Just finished Louis Adamic's 1934 classic on class violence in America,
Dynamite: The Story of Class Violence In America, and was struck by the relevance of his observations made almost 80 years ago:
"The humanistic or social interests of the country have been fighting a feud with Big Business for seven or eight decades.Occasionally the social will gets worked up and acting through political parties and the Government, imposes itself upon business and makes it behave, or tries to make it behave, at least for a little while, until business , with its single minded purpose, finds a way to rid itself of social control.....
Society must always compel business to function for the social good, and not only for the social good but for the good of business itself. Business would have ruined itself and the country long ago , were it not for occasional spurts of social action to curb it."
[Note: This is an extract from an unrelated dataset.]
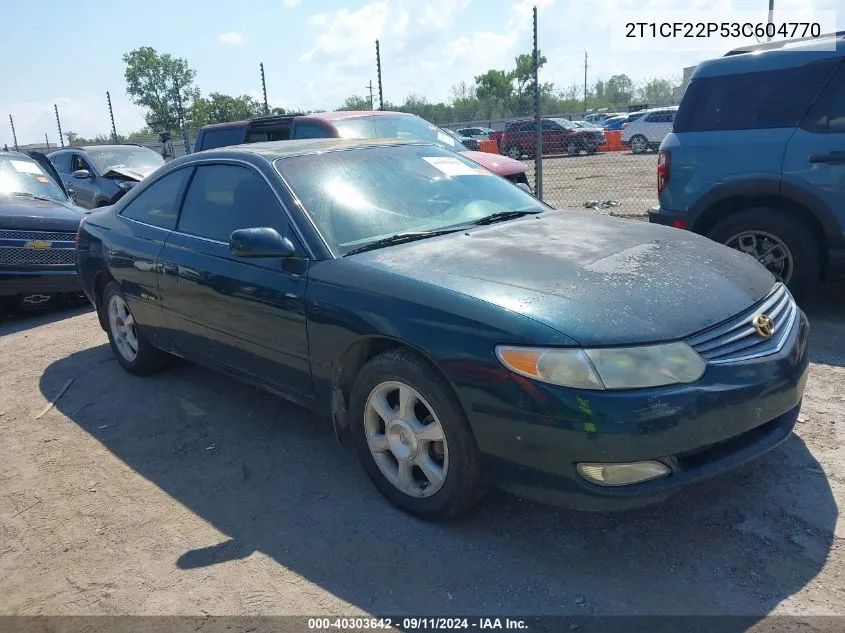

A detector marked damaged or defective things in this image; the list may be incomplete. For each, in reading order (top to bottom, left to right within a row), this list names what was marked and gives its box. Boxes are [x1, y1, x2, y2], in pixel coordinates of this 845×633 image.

damaged hood paint [352, 211, 780, 346]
This could have just as easily been written anytime in the past 4 or forty years. It also sheds some light on the origins of anti government rhetoric so popular on the Right and emanating from Corporate sources. Even in 1934 Adamic recognized the potential for catastrophe Corporate interests represented:
"They control, it is safe to say, every important process of the country's economic activity and, therby, directly or indirectly influence every other phase of our national life. Indeed, every now and then they threaten, with their enormous money power , to gain full sway over the Government and overcome the social will."
Very insightful reading considering it predates rampant globalization, the rise of the transnational Corporate entity, media concentration, the Koch brothers, Citizens United, and all the other more modern aspects of unrestrained capitalism.